⁶ College of Psychology, Nova Southeastern University, Fort Lauderdale, Florida, United States.
⁷ School of Medicine, University of Mississippi Medical Center, Jackson, Mississippi, United States.

PMID: 35822947
DOI: 10.1111/jpc.16118

Abstract

Aim: Children with sickle cell disease (SCD) have historically weighed less than their healthy peers. More recently, a retrospective chart review from six institutions in New England reported nearly one-quarter of children and adolescents with SCD had raised body mass index (BMI). This study aimed to examine rates of children with SCD with raised BMI in Mississippi compared to state and national norms and assess the correlation between haemoglobin and BMI.

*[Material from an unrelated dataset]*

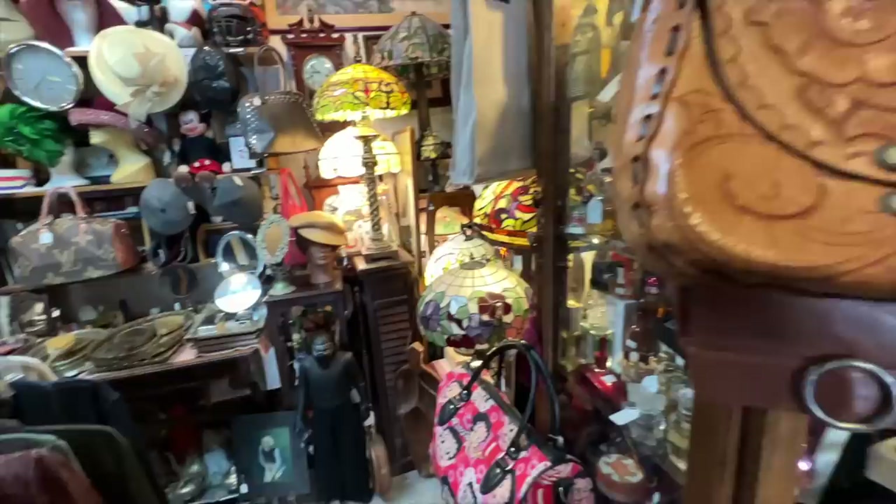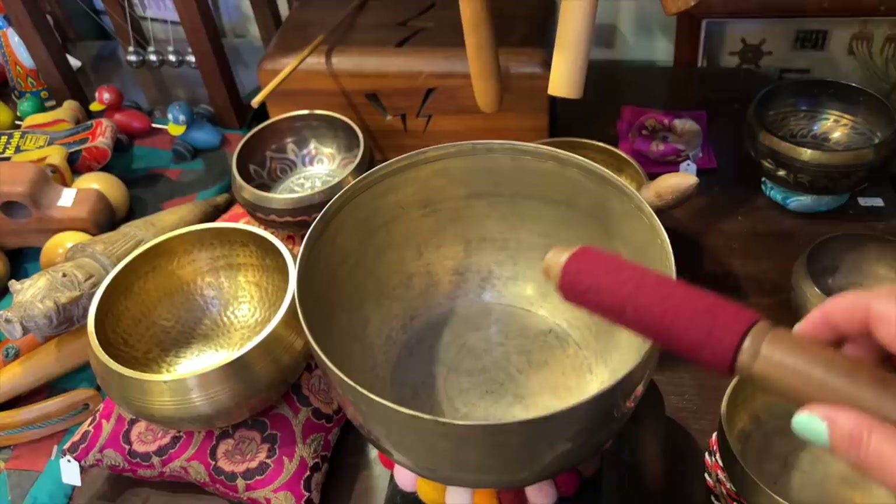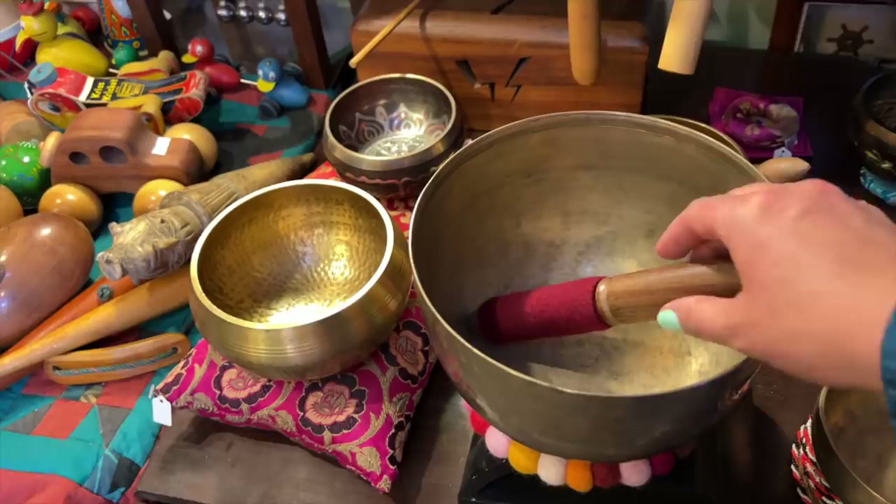If you have not heard of brass Tibetan singing bowls, you need to YouTube it and watch some videos. If you have ever suffered from anxiety or depression or you just like to meditate, I promise you you need to check out these singing bowls. To me there's almost nothing more calming than listening to that on YouTube while I meditate.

Methods: A retrospective chart review of paediatric patients with SCD at the University of Mississippi Medical Center (UMMC) was conducted using data from the most recent clinic visit. Mississippi and national weight status estimates for youth 10-17 years were obtained from the 2016-2017 National Survey of Children's Health.

Results: For youth 10-17 years with SCD (n = 345), 21.4.% of children with SS/Sβ° and 36.1% with SC/Sβ⁺ had raised BMI compared to Mississippi and national rates, 39.2 and 31%, respectively. The prevalence of children with raised BMI with SC/Sβ⁺ did not differ from state and national rates, while children with SS/Sβ° were half as likely as their Mississippi peers to have raised BMI. Haemoglobin levels were different among children with SCD who had low BMI (8.80 g/dL), average BMI (9.2 g/dL) and raised BMI (10.5 g/dL) (P < 0.001).

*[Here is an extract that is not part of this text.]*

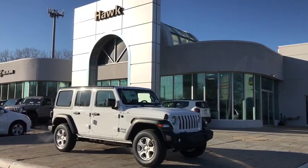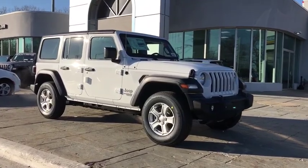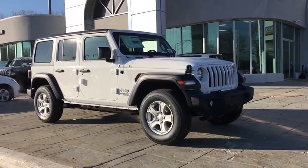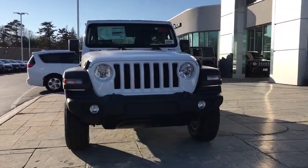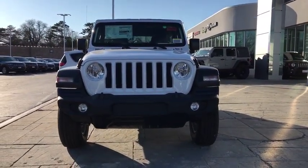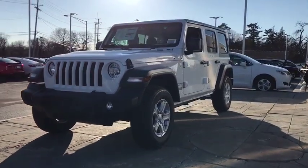2019 Jeep Wrangler Unlimited. The Jeep Wrangler Unlimited is an on-and-off-road capable vehicle that was made for you to enjoy. Stylish, rugged, and comfortable are all traits of the Wrangler that let you decide where you want to go and how you want to get there. Here are some of this vehicle's great options.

Conclusions: Children with SCD evaluated at UMMC have similar rates of raised BMI compared to state and national norms. Children with raised BMI have higher mean haemoglobin levels compared to children with SCD with low or average BMI.

Implications and contribution: Historically, patients with SCD have been underweight and normal weight. Our paediatric and adolescent patients with SCD now have prevalence rates of raised BMI that approach state and national rates. Further work must be done to determine whether this reflects healthier children with SCD or raises concerns about life-style-related comorbidities.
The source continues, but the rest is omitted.